DOSSIER // YOUR EYES ONLY CASE PRIVACY UPDATED 2026.05.23

Privacy Policy

Last updated 2026-05-23. Plain English. Read it once.

PUBLIC

Section 00 // The short version

  • Everything stays on your device by default. Your task progress, notes, and onboarding answers live in a local database on this iPhone or iPad. We do not have a server that stores your data.
  • iCloud sync is opt-in. If you turn on iCloud Replication in Settings, your progress syncs to your own iCloud private database — not to us. We cannot read it.
  • Analytics, if any, are anonymous. If analytics are enabled in this build, we record an anonymous random identifier and product-usage events (e.g. "task.completed"). We never attach your name, email, phone number, IP address (PostHog's IP scrubbing is on), or the specific company you opted out of.
  • No advertising. No ad SDKs. No third-party tracking. No "share data with partners" toggle hidden three menus deep.
  • No accounts. You never create an account with us. There is no email, password, or username to remember.
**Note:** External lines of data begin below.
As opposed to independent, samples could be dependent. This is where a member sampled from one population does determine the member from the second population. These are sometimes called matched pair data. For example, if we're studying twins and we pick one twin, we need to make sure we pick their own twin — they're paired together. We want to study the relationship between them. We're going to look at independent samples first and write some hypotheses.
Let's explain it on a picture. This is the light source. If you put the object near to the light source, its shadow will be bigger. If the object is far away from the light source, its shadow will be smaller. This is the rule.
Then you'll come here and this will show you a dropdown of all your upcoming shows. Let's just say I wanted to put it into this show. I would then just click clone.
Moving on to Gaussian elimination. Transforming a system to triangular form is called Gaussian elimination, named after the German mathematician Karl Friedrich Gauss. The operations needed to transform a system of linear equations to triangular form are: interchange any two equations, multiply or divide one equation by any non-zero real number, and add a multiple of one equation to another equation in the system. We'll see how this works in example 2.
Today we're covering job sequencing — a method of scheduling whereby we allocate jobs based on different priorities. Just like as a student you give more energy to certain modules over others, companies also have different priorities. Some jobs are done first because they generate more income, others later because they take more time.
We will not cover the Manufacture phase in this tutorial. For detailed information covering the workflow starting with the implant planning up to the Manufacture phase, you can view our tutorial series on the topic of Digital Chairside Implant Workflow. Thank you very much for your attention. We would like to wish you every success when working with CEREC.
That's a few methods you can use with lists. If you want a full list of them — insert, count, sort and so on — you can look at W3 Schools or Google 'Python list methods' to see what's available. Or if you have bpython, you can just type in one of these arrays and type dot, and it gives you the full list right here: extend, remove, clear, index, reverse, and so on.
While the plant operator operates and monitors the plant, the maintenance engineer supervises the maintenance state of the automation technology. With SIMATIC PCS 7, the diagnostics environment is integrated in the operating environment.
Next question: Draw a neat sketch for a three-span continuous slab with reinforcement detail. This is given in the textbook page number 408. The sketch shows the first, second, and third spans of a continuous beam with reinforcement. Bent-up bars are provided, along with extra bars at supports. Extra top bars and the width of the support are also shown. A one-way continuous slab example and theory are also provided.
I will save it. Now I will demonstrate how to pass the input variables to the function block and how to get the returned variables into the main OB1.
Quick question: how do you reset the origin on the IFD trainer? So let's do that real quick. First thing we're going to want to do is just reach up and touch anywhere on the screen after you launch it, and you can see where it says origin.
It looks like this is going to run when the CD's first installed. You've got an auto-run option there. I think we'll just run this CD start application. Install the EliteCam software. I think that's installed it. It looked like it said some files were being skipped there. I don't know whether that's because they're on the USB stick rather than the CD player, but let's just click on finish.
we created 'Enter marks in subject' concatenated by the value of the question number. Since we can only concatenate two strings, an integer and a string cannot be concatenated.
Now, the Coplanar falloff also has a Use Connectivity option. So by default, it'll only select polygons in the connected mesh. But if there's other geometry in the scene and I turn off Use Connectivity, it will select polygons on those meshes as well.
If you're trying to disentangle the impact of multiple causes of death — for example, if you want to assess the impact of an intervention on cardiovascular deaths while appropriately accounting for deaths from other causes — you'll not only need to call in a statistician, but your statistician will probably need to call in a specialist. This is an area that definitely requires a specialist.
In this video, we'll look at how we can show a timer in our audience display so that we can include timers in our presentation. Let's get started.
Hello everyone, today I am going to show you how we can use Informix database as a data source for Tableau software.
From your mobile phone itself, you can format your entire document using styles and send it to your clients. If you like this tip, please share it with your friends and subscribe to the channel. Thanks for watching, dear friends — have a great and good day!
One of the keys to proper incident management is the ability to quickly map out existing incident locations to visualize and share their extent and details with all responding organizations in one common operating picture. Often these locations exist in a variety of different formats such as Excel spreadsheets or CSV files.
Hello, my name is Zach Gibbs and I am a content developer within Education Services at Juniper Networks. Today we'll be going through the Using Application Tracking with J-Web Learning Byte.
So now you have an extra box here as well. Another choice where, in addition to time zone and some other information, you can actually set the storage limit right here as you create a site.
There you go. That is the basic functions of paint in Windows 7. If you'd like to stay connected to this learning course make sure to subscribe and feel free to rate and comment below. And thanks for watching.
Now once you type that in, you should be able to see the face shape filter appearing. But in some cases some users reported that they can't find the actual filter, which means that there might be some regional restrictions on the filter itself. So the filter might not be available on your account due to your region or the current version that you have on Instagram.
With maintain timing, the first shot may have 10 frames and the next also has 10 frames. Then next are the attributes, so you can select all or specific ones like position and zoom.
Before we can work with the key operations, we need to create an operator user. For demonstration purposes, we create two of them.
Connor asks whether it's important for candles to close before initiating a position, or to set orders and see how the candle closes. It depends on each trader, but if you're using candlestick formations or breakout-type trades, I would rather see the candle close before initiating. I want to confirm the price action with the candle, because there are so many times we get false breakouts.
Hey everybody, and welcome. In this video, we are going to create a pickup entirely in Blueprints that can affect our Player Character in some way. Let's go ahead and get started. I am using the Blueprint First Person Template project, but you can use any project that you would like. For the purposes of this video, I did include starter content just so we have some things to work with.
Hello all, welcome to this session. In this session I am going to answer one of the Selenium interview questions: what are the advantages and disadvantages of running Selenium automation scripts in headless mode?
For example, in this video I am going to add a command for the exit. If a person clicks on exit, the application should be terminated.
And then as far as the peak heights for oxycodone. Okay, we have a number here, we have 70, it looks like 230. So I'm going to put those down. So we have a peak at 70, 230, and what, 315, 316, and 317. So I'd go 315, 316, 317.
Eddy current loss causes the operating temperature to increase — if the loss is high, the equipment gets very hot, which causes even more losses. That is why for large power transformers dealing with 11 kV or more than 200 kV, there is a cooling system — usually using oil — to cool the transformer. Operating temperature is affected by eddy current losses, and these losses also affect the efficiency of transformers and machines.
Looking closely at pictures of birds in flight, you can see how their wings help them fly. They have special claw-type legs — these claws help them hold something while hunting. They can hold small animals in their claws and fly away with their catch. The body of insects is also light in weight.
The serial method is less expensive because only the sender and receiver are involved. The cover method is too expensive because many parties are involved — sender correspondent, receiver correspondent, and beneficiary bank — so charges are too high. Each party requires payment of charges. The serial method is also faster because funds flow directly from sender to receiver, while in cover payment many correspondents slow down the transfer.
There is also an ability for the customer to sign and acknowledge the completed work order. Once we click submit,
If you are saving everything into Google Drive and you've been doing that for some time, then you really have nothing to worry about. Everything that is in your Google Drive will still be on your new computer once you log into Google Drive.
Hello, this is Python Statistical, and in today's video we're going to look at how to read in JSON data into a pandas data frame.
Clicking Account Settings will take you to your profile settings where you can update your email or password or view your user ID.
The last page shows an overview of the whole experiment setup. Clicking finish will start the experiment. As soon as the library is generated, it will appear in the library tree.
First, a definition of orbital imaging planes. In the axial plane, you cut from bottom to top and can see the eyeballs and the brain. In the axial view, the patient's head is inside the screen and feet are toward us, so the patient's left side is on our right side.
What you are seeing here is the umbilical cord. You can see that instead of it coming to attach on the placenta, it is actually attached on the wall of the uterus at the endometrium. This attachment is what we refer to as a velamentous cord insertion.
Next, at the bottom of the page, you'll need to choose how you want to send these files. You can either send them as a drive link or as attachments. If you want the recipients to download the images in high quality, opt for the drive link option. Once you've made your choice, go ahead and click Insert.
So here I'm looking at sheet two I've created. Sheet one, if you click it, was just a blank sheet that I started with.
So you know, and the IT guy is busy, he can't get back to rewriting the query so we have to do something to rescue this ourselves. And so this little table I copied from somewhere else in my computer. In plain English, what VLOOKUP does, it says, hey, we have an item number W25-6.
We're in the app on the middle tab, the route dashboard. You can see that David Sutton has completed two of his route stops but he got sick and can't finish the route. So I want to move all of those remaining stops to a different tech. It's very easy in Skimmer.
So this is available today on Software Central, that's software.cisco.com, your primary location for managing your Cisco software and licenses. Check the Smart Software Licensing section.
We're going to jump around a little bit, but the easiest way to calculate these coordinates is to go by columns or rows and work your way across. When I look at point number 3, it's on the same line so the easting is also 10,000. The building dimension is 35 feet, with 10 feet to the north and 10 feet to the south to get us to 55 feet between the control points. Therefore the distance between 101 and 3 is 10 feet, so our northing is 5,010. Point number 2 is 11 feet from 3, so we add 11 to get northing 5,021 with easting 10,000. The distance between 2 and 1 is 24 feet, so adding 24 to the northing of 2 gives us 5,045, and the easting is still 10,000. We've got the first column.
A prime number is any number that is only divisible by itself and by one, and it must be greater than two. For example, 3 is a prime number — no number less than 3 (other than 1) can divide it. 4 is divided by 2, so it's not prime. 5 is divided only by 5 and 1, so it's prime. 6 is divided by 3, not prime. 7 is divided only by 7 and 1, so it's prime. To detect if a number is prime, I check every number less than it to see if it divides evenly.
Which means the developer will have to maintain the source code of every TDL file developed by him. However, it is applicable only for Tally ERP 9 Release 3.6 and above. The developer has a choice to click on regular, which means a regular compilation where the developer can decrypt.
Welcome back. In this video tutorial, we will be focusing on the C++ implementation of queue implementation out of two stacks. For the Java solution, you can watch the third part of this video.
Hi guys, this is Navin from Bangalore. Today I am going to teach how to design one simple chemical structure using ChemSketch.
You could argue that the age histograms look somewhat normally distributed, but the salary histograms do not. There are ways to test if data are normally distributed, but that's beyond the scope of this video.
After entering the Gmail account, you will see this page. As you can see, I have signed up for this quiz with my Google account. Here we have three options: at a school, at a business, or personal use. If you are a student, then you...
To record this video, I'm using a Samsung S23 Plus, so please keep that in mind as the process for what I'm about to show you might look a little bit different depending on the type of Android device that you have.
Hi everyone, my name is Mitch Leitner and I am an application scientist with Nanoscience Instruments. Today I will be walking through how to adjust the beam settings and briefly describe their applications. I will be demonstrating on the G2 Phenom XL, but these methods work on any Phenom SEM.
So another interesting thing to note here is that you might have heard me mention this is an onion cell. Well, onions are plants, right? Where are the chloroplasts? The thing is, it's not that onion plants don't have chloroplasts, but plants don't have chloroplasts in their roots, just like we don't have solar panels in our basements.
Section 01 // What we collect and why

Task progress
The status of each task (pending / in progress / reviewed / skipped / N/A). Lives on your device, optionally your iCloud. Used so you can see what you've done.
Notes
Free-text notes you add to a task. Device-local, optionally synced to your iCloud.
Onboarding
Your chosen level, country, and goals. Used to rank task suggestions.
Settings
Theme, reminder time, sync toggle. Device-local.
Anonymous events
If analytics are enabled: event name, severity, anonymous device-scoped UUID. Sent to PostHog (EU region).
Crash logs
Standard Apple crash reports — only if you opted in via iOS Settings → Privacy & Security → Analytics & Improvements.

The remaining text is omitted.